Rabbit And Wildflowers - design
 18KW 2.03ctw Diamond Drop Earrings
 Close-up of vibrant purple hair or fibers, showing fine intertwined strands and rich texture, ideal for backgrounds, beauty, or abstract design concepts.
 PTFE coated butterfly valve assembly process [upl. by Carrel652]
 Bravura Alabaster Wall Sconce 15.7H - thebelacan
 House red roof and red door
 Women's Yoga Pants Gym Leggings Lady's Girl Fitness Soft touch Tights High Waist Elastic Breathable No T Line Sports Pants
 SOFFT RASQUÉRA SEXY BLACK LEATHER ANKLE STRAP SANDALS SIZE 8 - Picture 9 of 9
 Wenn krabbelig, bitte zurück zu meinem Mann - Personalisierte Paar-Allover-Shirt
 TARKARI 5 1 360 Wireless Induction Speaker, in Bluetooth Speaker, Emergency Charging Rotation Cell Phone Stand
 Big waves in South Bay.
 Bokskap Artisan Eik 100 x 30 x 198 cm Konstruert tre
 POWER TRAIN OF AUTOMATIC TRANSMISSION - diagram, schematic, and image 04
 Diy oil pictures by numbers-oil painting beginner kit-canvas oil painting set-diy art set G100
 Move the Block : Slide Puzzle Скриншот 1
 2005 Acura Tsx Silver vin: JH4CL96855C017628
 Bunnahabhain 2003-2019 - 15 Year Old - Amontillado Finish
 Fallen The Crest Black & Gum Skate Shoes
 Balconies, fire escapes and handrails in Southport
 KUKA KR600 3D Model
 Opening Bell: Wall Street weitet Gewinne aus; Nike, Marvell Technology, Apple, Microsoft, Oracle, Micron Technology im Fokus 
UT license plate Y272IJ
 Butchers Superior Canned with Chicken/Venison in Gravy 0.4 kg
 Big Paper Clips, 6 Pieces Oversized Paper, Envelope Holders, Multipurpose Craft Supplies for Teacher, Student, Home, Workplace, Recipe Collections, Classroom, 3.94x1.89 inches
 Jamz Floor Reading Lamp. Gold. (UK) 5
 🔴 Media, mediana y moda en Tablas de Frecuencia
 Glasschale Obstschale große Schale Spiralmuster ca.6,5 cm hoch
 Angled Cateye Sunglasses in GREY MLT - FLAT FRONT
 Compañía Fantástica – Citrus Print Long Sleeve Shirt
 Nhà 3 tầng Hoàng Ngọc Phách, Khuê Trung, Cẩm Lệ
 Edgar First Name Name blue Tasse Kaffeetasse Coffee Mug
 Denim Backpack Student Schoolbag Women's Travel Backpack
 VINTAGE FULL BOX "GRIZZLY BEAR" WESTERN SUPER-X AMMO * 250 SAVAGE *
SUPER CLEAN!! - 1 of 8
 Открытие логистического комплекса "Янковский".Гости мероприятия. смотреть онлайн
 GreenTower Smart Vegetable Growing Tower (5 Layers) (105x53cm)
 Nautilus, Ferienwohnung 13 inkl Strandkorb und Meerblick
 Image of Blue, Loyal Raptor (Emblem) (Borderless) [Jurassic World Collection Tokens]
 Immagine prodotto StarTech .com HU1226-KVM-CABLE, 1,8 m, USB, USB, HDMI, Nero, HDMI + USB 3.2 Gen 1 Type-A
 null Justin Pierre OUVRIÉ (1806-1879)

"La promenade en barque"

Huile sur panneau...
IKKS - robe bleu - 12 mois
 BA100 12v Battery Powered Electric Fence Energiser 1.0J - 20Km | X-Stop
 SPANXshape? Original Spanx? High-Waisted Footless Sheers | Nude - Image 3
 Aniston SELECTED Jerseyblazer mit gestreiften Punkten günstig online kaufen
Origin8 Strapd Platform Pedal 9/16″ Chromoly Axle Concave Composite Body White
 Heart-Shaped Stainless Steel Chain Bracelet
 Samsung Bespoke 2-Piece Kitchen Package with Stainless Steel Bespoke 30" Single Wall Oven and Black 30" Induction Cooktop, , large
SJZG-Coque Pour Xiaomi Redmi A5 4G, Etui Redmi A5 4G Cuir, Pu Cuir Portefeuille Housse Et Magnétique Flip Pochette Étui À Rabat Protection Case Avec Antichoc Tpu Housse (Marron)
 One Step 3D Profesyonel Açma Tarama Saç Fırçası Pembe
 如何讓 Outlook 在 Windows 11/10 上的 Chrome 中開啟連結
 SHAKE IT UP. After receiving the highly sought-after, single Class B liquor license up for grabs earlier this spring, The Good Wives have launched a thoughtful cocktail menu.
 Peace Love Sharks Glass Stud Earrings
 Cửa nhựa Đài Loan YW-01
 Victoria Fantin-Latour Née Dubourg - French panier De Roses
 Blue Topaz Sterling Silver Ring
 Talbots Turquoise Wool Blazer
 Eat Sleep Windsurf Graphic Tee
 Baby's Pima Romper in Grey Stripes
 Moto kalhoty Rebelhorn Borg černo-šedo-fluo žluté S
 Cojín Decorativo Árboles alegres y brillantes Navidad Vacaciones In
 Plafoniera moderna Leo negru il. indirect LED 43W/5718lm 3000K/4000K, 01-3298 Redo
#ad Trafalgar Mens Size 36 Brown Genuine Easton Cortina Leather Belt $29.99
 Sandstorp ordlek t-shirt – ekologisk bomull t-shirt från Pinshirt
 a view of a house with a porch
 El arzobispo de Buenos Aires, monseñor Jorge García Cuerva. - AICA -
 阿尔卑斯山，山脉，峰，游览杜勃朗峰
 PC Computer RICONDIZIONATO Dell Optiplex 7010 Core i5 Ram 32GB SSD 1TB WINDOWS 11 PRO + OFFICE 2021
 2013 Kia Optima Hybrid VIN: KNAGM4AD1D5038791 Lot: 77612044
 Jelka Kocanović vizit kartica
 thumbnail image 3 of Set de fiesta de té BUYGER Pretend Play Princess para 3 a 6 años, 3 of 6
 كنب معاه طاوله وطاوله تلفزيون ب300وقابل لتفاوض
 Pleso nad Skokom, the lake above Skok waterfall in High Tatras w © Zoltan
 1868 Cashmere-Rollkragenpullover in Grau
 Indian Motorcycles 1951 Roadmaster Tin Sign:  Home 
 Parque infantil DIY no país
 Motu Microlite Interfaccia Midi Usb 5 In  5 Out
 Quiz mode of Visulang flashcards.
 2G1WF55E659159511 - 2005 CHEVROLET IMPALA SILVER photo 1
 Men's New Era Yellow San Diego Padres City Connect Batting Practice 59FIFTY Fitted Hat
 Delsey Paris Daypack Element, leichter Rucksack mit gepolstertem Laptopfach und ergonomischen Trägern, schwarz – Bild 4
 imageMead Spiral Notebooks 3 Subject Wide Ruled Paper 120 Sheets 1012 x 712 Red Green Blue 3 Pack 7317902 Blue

- - -

Work order:
Search the preceding listing for the word "Earrings" and pull out every line that holds it.

Answer space:
 18KW 2.03ctw Diamond Drop Earrings
 Peace Love Sharks Glass Stud Earrings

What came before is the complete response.